Ored Recordings preserves Circassian music as TAL prepares decade compilation

Ored Recordings preserves Circassian music as TAL prepares decade compilation — I.guim.co.uk
Image source: I.guim.co.uk

Ored Recordings, co-founded by Bulat Khalilov and Timur Kodzoko to document Circassian and North Caucasian music, now operates from Göttingen in Germany. Düsseldorf-based label TAL will release Music from the Caucasus – The Archive of Ored Recordings 2013–2023 this month. The founders describe their work as "punk ethnography": recording religious chants, laments and displacement songs at family gatherings, local festivals and in people’s kitchens to resist the erasure of Circassian culture.

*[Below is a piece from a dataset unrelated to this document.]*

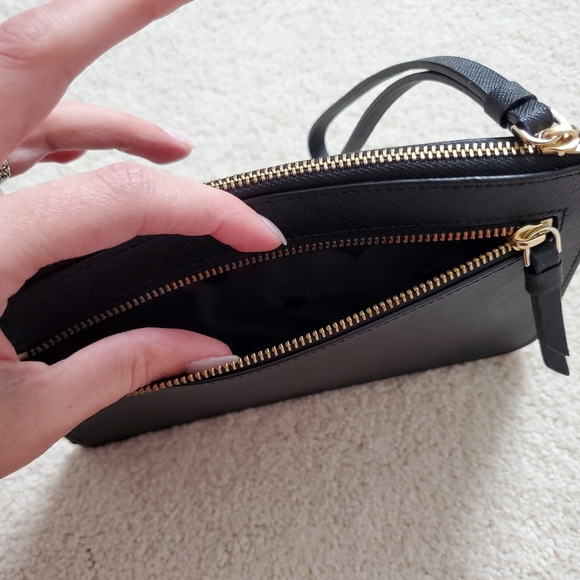 NWT Kate Spade Black Medium L-Zip Cameron Wristlet
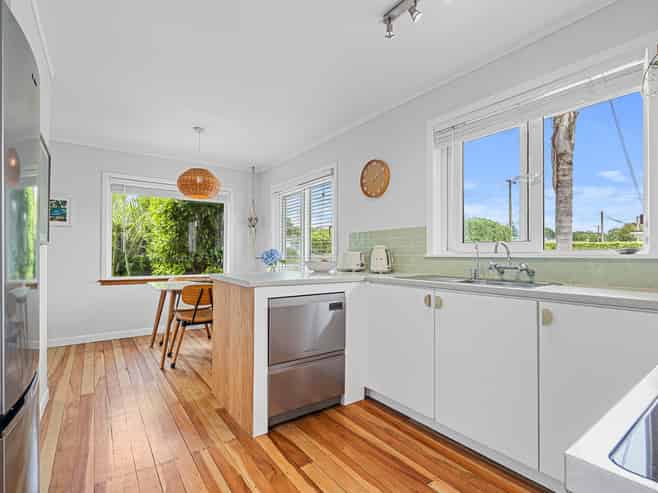 144 Pioneer Road, Spotswood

Khalilov recalls that at a May 2022 demonstration in Nalchik a policeman approached him and said, "Are you from Ored Recordings? I follow you on Instagram. You’re doing great." The label began in 2013 and issued its first record in 2014, documenting a festival for the folk musician Aslanbech Chich, and since then has released a record each year on or around 21 May, the Circassian Day of Mourning, foregrounding diaspora voices.

The music Ored documents centres on solo or small-group singing — laments, mourning songs, historical narratives, ritual chants and songs about work, resistance and displacement — relying on modal melodies, sustained tones and subtle ornamentation. Instruments such as the pkhachich and shichepshin typically support the voice rather than lead it.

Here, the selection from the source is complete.